Smart me. Today I must've moved the wrong way or turned a funny direction or something. Around mid-afternoon the muscles in the right side of my back went haywire and since then it's been torturous to move in certain ways. I just stepped out of a hot shower, hoping the water would loosen up the muscles that seem tighter than a drum. I have trouble sitting, getting back up, twisting to one side, reaching over and down with my right arm, and a whole host of other otherwise mundane 'ings.' I'm sitting in the chair now dreading getting up.

The obvious answer is that I shouldn't have dragged that five-shelf bookcase up a flight of stairs to the second floor this morning. But, really, I didn't do anything extraordinary. I just slowly eased the thing up onto each next step, one at a time. I don't recall pulling anything then, and the pain didn't come till hours later, after I'd been sitting on the couch for a few hours doing work on the laptop. Still, the mind wants to make connections, and this is the easiest explanation that accounts for the data.

It could also have happened while I was vacuuming the entryway. (That'll teach me to clean the house! Last time I try that! [snort]) At one point the belt slipped off the upright and I had to, well, UN-upright it and take the plastic bottom off, holding it between my knees at a weird angle and cleaning out the gunk and hair while putting the belt back on properly. Perhaps I held something at an odd angle for too long and yanked something then.

Doesn't matter. What does matter is that I'd love to go sink into the waterbed right now and let the warm water in the mattress (and the relaxation) help the muscles unknot. But I'm afraid I won't be able to get back out. Plus, the TV that was in our bedroom had to be sent back to AT&T (we got it free as part of their cable rewards program but the picture was all goofed up), so we're TV-less in there for the next few weeks. Normally, that's no big deal since until a few months ago I'd never had a TV in my bedroom, ever. But at times like this it would be nice to go in there and relax and watch some TV.

It'd be a perfect situation in which to read a book (currently I'm reading Anne Rice's Queen of the Damned), but I've never mastered the art of reading a book in that sloshy waterbed. Severe motion sickness comes to mind. Literally.

Oh dear. I feel the right side tensing up again. The hot shower had loosened things up a bit (enough to move around without searing pain, but just bad soreness), but the effects seem to be wearing off. I can't even turn to the right at all now. Figures.

As a last resort I may climb into Wayne's La-Z-Boy recliner with the book and the TV remote. Sounds like nirvana for a lot of people, but to me it's tough to get comfy in that thing. It's made for people well over six feet tall, not wee thangs topping out at five feet, two inches. (I always feel like Edith Ann in her rocking chair in that thing.)

But it would give me the support I'd need for my back and the creature comforts I'm not ready to do without right now. I may also get out the hot water bottle. That is, as long as I don't have to turn to the right to get to it.

(sigh)

I hate feeling old before my time. (Then again, ask my kids. To them, I am old--no question about it.)

Off I go.

Linda The Pained

Sunday, August 03, 2003

A Field Trip to the Drive-In (And Other Impossible Situations)

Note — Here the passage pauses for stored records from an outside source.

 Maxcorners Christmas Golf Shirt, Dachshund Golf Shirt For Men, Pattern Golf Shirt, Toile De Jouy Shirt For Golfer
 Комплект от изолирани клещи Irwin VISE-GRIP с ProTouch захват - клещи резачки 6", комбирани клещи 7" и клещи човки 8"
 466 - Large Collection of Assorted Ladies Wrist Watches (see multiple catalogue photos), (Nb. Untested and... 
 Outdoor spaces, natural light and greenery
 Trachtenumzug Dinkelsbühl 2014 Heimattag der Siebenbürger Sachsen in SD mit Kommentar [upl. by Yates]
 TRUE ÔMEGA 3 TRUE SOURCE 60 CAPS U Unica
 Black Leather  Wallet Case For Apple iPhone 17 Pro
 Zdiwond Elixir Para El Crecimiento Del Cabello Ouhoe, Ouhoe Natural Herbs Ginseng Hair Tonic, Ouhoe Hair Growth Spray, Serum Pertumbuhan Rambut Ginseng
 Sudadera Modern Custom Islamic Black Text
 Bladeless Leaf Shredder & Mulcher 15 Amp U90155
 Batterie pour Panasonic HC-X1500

Oh, the sick, perverse irony of life. Yesterday I blathered on and on in here about how my Corsica ended up giving me the silent treatment, losing its radio/tape deck/CD player. A real whine session.

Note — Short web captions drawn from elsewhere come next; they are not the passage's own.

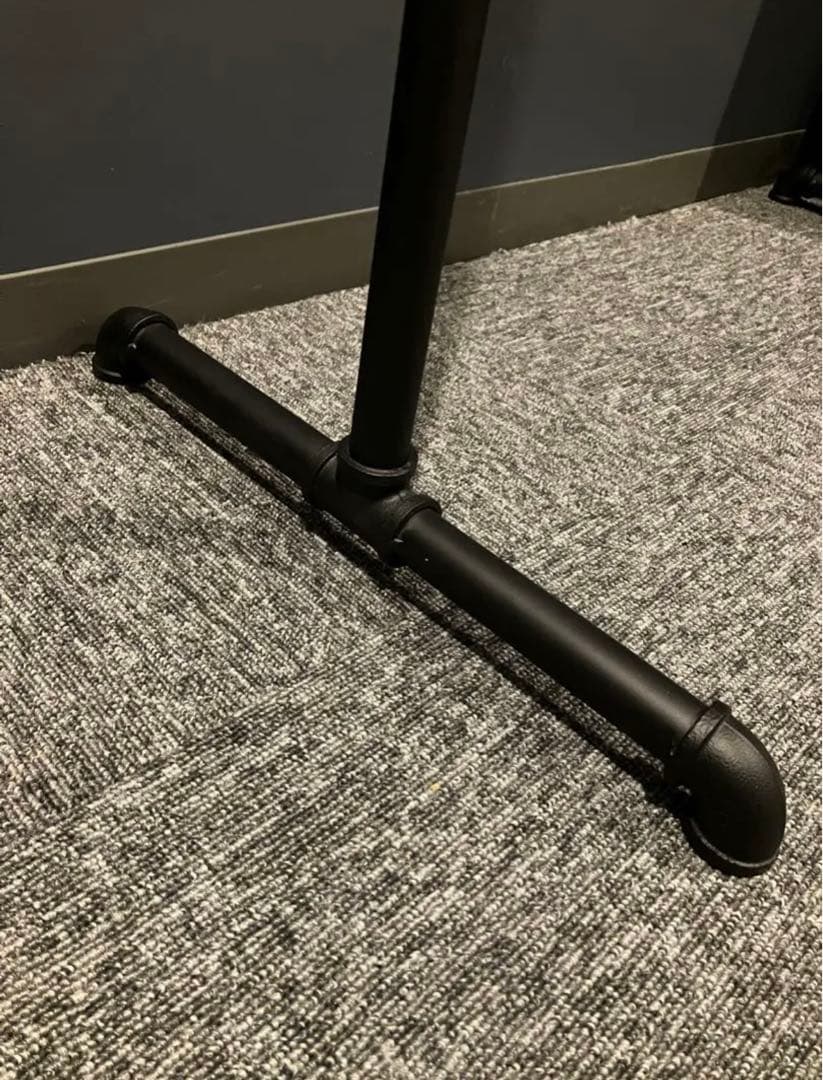 ハンガーラック 150 アイアン ガス管 パイプ 黒 収納 什器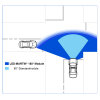 X180 Blitzmodul - 180° Abstrahlung - blau - versch. Haltersätze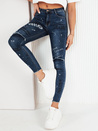 Damen Jeans mit hoher Taille ROGUE Farbe Blau DSTREET UY1960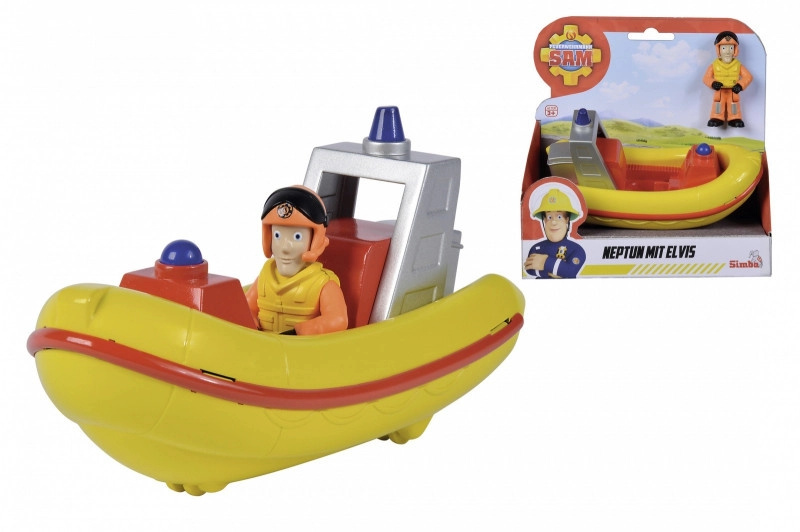 Simba Požárník Sam Loď Neptun + Elvise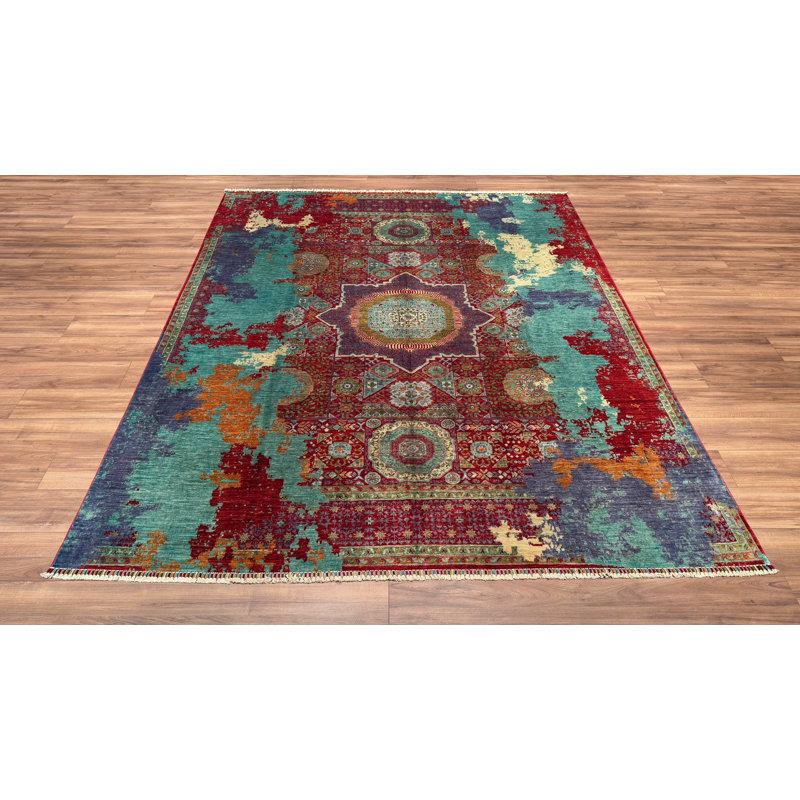 Tapis en laine et coton noué à la main Original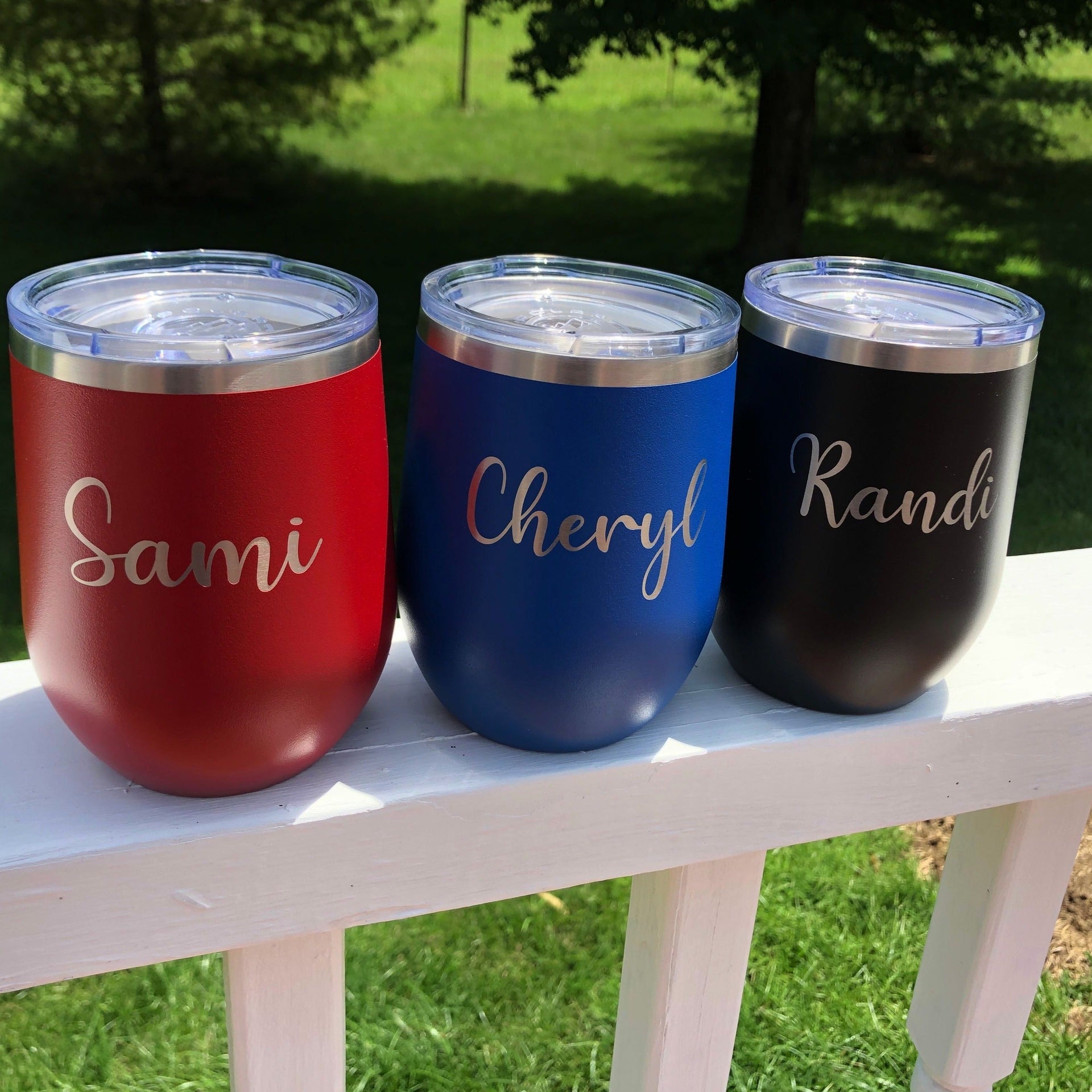 Personalized Engraved Steel Wine Tumbler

Last night we had the brilliant idea to go the drive-in to see a double-header of Finding Nemo and Tomb Raider 2. We spent the early evening scrambling around getting ready. I popped some popcorn, the girls helped pack up the car with a blanket, four camping chairs, and a cooler (with grapes, cauliflower--Grace's favorite munchie on the Atkins diet--and some Ranch dressing to dip the cauliflower in). We scurried out of here a few minutes later than I would have liked, but we didn't forget to bring anything.

Or so we thought.

We stopped at a local beverage place to get cans of soda ("pop" in western Pennsylvania, but I refuse to call it "pop," ever) and were finally off. Made it through the construction on Route 60 and were quickly outside the drive-in waiting in line to turn in off the street and get into the driveway of the theaters. A worker was doing a walk-through telling us all that American Wedding was sold out, which didn't bother us, of course. In fact, all the cars turning around and leaving ahead of us got us off the street that much faster. We paid our cheap fees to get in and the ticket window worker told us to make sure to tune our radios to 97.5 FM to get the sound for our movie. (Each screen has its own radio frequency.)

I'm sure you all know where this is going by now.

Apparently the Dependable Drive-In folks [www.dependabledrivein.com] like to cram cars into their screen lots. We ended up making our own spot, way down front (front row), way off to the right (almost up against the guard rail over the road below). I made sure all the windows were down before turning off the car. And, I instinctively reached for the radio dial to turn it to 97.5 ... F ... M ...

Rats. There was only a hole and some loose wires where my RADIO USED TO BE.

Somehow, the obvious fact that we'd have to bring a boombox with batteries in it had totally escaped me (and the girls) while I was popping popcorn and buying cans of soda, etc. etc.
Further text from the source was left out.